Broiling is another option that makes it easy to enjoy lobster tails at home. Begin with the same thawing process used above, and then follow these steps:

  1. Cut the lobster shell lengthwise with a sharp knife or shears. Some of the meat may end up being cut by doing this, but that’s okay.
  2. Pry open the shell with your hands, starting at the base, and loosen the meat moving ever so slightly along the length of the tail. Then, lift the meat through the opening at top, leaving a portion still attached at the tail.
  3. Brush the meat with butter and add desired seasonings, then broil for four minutes.
  4. After four minutes, remove the tail, again baste with butter and seasonings, and then broil for another three minutes.

The all-important side dishes to pair with lobster tails

As with any other kind of meat-based dishes, sides matter. Here are tasty options to pair with lobster tails that can be as healthy as they are delicious.

Parsnip-Apple Puree

Most steakhouses pair their thick cuts and fresh seafood with a side of potatoes. But if you’re trying to be healthy, you can get the same effect with this recipe that whips up parsnips and green apples with coconut milk, ghee, and a mix of flavorful seasonings.
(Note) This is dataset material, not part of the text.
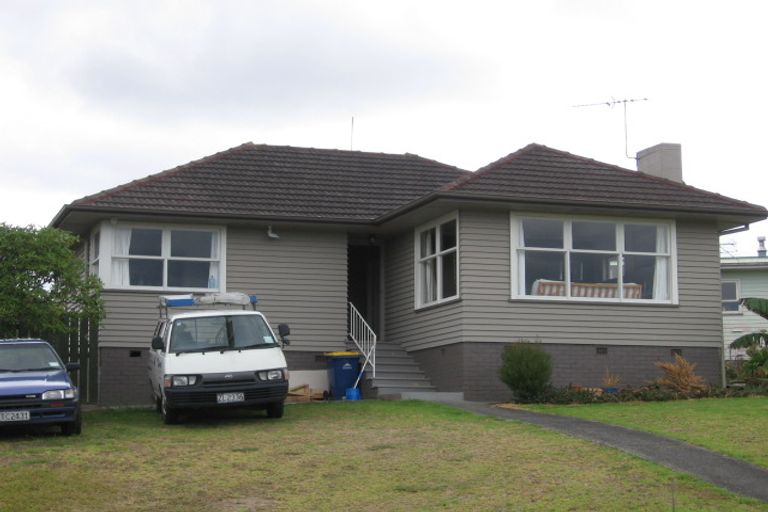 Photo of property in 1 Woodhams Street, Beach Haven, Auckland, 0626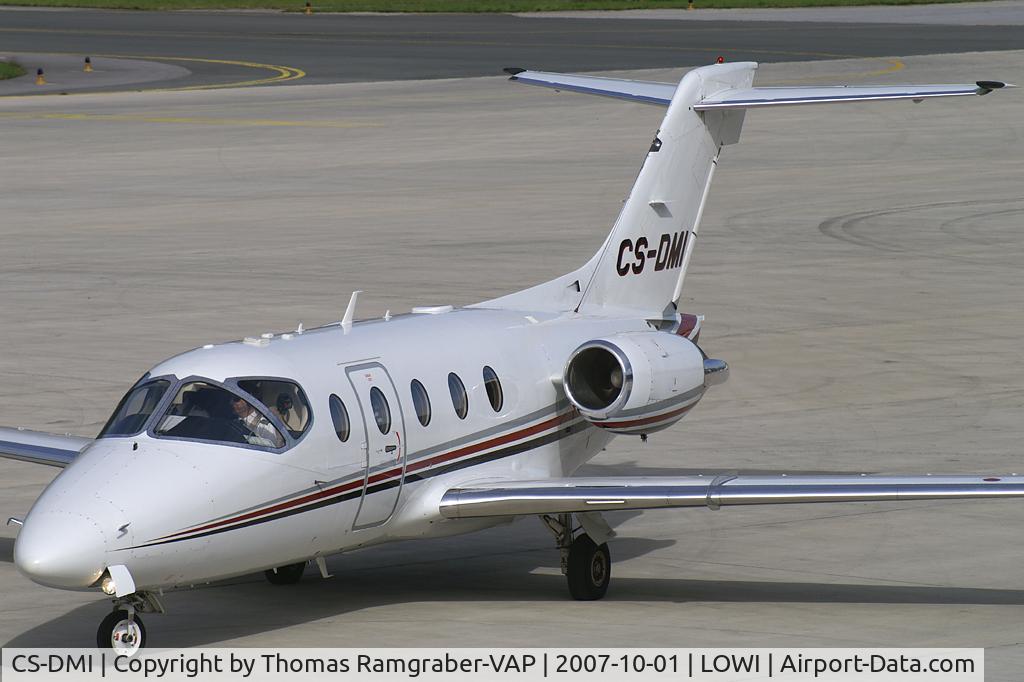 CS-DMI, 2005 Raytheon Hawker 400XP C/N RK-437, Netjets Beech 400 Beechjet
Grilled Romaine Salad with Avocado Lime Dressing

While you have the grill fired up after searing your lobster, cook your salad as well. Yes, romaine lettuce tastes great when charred—allowing the outer leaves to soften while the base remains crunchy. Prepare an avocado-lime dressing to go with it, and top with boiled eggs and parmesan cheese.

Roasted Broccolini with Nori Salt

A side of broccoli is another chophouse staple. This recipe uses its more slim and mild cousin, broccolini, prepared Japanese style with nori, coconut aminos, and sesame oil.